Com cerca de 19 cidades em faixas fronteiriças, somente no estado do Rio Grande do Sul milhares de pessoas entram e saem do país diariamente sem nenhuma fiscalização. Segundo dados do Ministério da Integração Nacional, esses locais reúnem os índices econômicos e sociais mais baixos do estado. Logo, não por acaso, o mercado ilegal do tabaco no Brasil é um dos maiores do planeta. A Fazenda Nacional já estima que o valor total da dívida mantida por esse mercado com a União hoje supera R$ 17,3 bilhões e a maioria dos produtos são paraguaios, exportados para o Brasil de maneira ilegal, sem pagamento de impostos ou controle fitossanitário.

Inúmeras fábricas de cigarros clandestinas estão produzindo a pleno vapor em território nacional. É comum encontrar indícios de imitação de marcas nacionais registradas, em um verdadeiro esquema montado para sonegar tributos com a falsificação do selo da Receita Federal. O setor do tabaco é, ainda, marcado pela concorrência desleal praticada por fabricantes locais, que deliberadamente não pagam os tributos devidos, como meio de criar uma vantagem competitiva artificial e fraudulenta.

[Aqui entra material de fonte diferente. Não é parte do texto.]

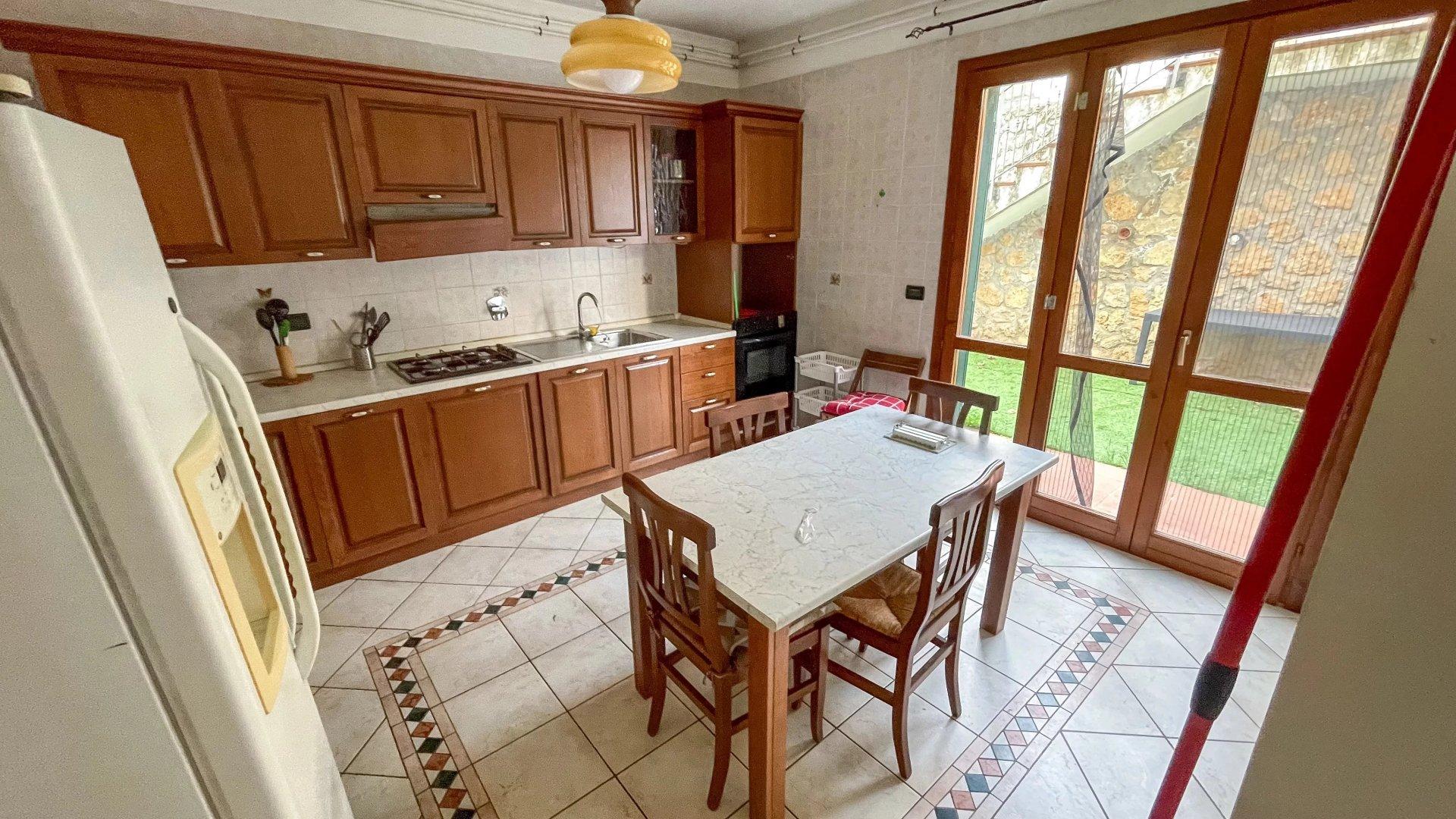 Casa indipendente in Via Ciappin, 70, Ventimiglia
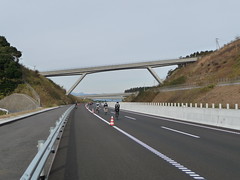 高速道路らしい光景の中を走る@ふじのくにCYCLE FES.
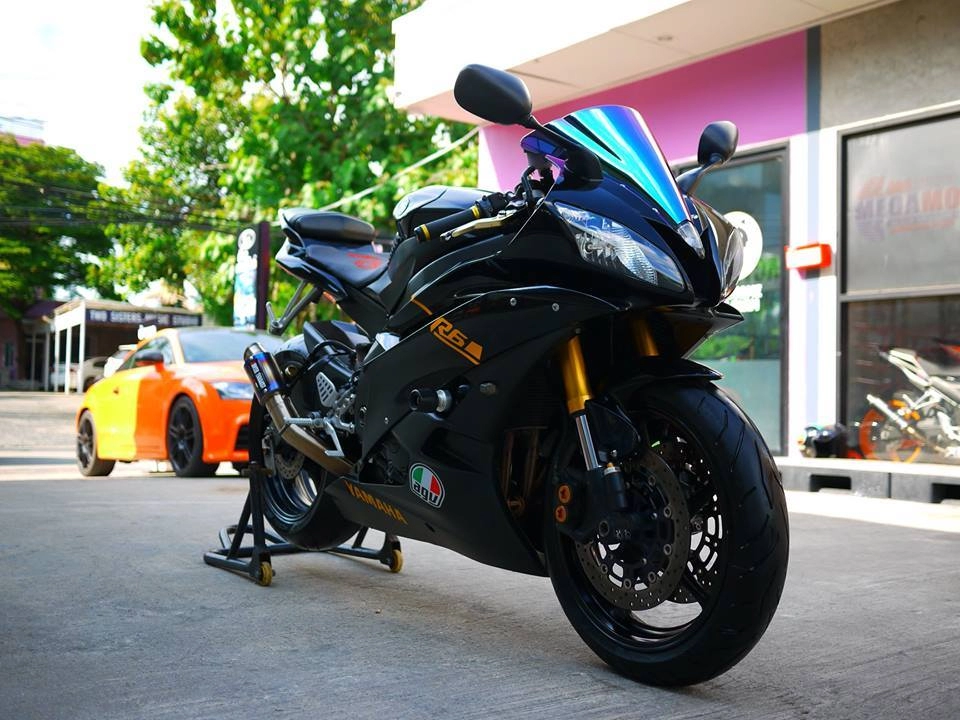 Yamaha r6 ngựa hoang khó thuần trong loạt ảnh đen không tỳ vết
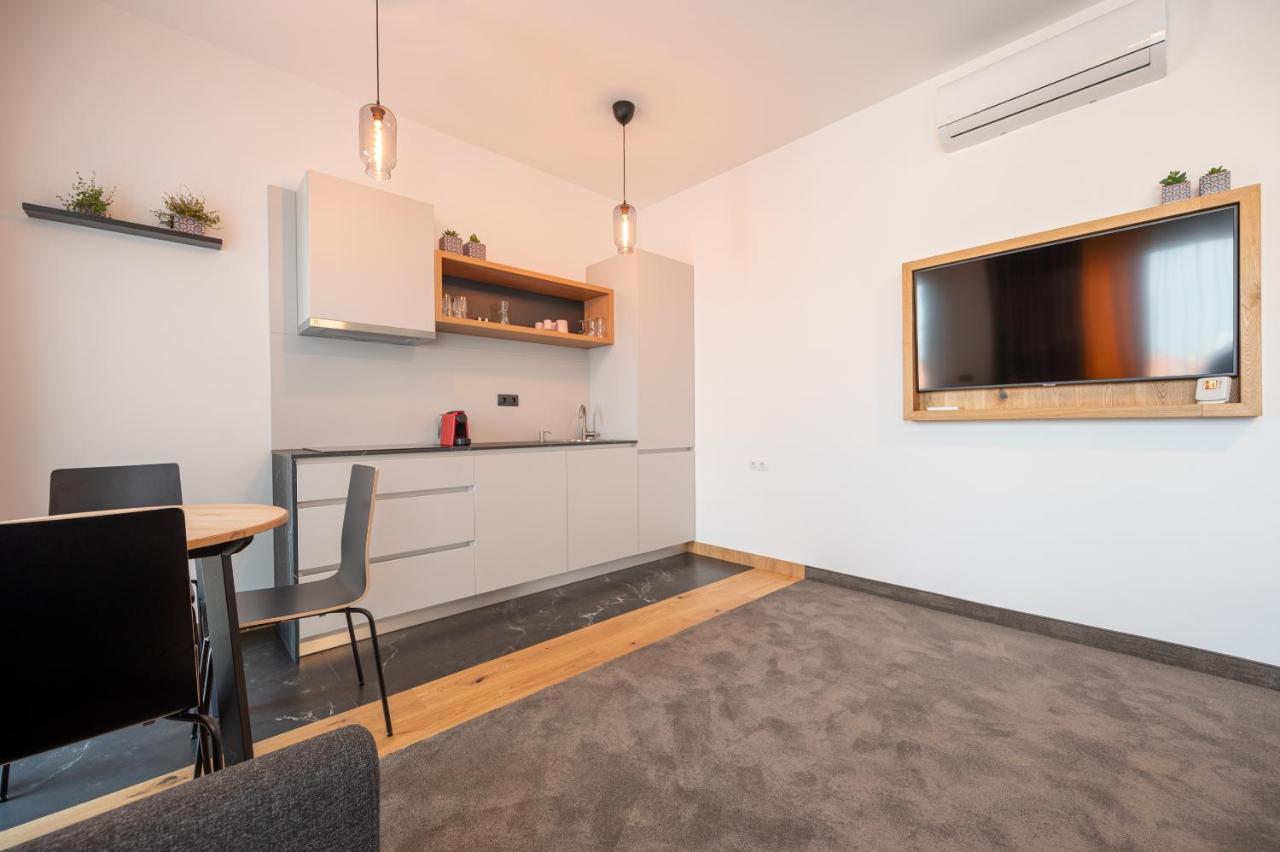 Calvin Aparthotel Oradea Ngoại thất bức ảnh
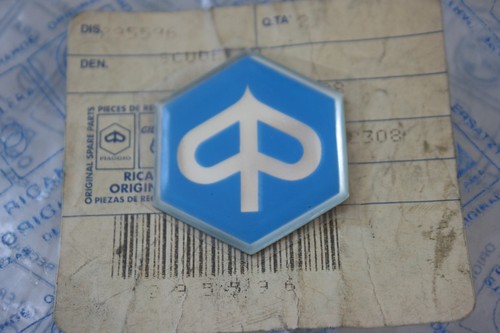 Adesivo logo carena scudo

Um levantamento feito para o ano de 2015 comprova que o mercado ilegal no Brasil já ocupa o espaço de 35% do setor.

Ao invés de propor uma solução estratégica para evitar a queda na arrecadação, o poder público aposta na velha tática do aumento de impostos. Em 2015, o Impostômetro da Associação Comercial de São Paulo (ACSP) contabilizou o recorde de R$ 2 trilhões em impostos pagos pelos brasileiros.

Quem perde com essa atitude nada consequencialista é a indústria legal. O aumento da carga tributária faz aumentar os custos de produção, o que impacta na quantidade de empregos diretos e indiretos, além de reduzir a competitividade nacional, fundamental em tempos de crise econômica.

Todavia, o principal perdedor é o Estado e a sociedade como um todo, que perdem devido ao crescimento do mercado ilegal e à criminalidade a ele associada.

Uma prova inconteste de que o aumento de tributos sobre o tabaco e derivados piora o cenário é o dado alarmante apresentado a seguir: de acordo com pesquisa nacional realizada pelo IBOPE Inteligência em 2015, o contrabando já representa 30% do mercado de cigarros no Brasil.

Fica, assim, uma dúvida: será que o incremento desses indicadores é mera coincidência ou o aumento de impostos traduz na própria causa do aumento do mercado ilegal?

Lutar contra o mercado ilegal requer um pouco mais das autoridades públicas brasileiras. É necessário maior engajamento do Governo em uma cooperação para frear o crescimento do comércio ilícito e seus derivados, mas atento aos efeitos negativos que medidas simplórias e pouco razoáveis, como o aumento exacerbado de tributos, podem gerar. Mesmo que ainda não haja número suficiente de países para fazer com que o Protocolo de Combate ao Mercado Ilegal de derivados do tabaco entre em vigor, o assunto está sendo debatido na COP, e a comitiva brasileira está lá. É, portanto, uma grande oportunidade para o Estado brasileiro se posicionar com a seriedade que o tema demanda, sem ideologias, sem preconceitos, sem soluções fáceis. Liderar o combate ao mercado ilegal pode fazer do Brasil referência na adoção de políticas públicas que sejam realmente efetivas no combate a esse problema.